Records
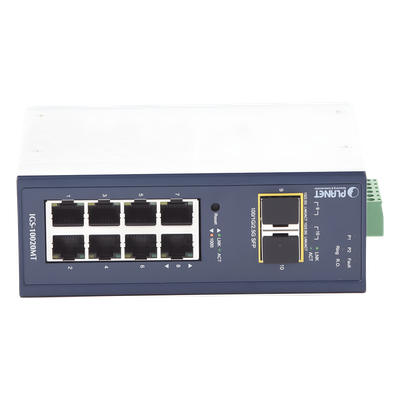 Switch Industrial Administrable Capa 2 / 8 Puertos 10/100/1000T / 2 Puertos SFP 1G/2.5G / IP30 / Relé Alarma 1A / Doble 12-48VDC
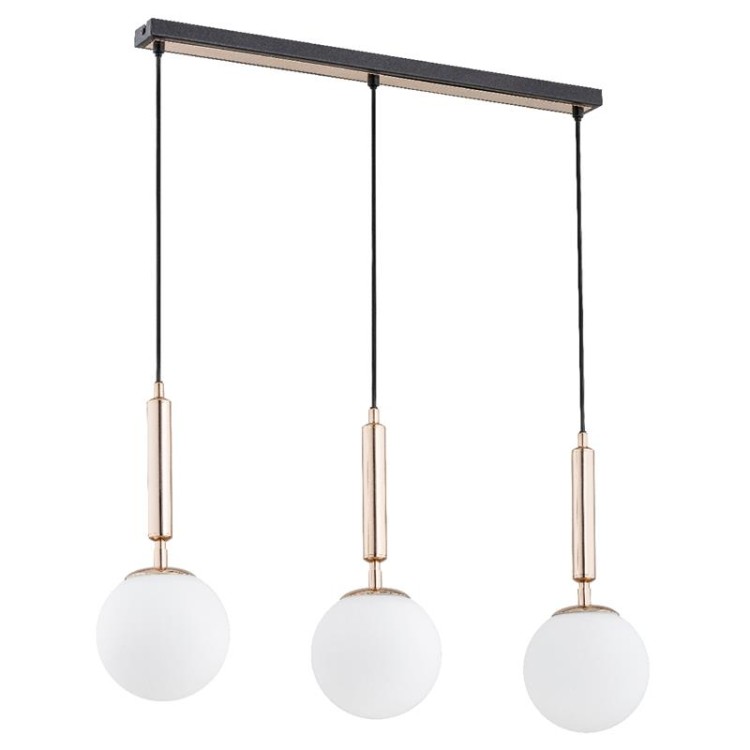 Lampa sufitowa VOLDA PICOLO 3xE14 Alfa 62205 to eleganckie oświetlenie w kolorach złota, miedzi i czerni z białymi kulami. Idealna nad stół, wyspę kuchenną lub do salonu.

---

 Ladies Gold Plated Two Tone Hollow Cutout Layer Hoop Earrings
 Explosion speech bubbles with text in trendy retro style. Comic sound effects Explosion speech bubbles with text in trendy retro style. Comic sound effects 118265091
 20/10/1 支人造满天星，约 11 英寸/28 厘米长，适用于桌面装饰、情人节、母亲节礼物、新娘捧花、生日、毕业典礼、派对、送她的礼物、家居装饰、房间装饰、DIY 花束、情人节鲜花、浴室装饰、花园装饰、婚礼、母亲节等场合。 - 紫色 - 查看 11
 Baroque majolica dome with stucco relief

==

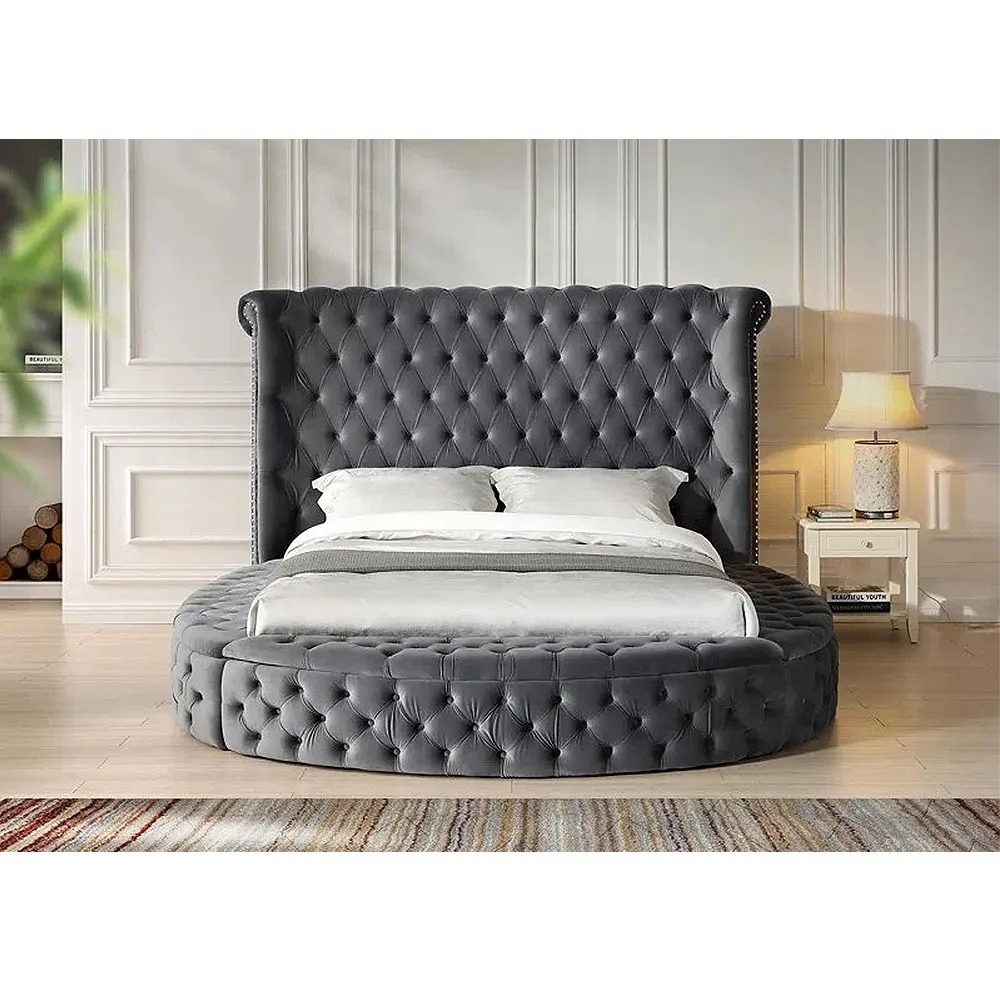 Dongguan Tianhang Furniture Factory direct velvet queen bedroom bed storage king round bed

Task instructions
Report every line of the preceding listing where the string "with" occurs.

Completed exercise
 Explosion speech bubbles with text in trendy retro style. Comic sound effects Explosion speech bubbles with text in trendy retro style. Comic sound effects 118265091
 Baroque majolica dome with stucco relief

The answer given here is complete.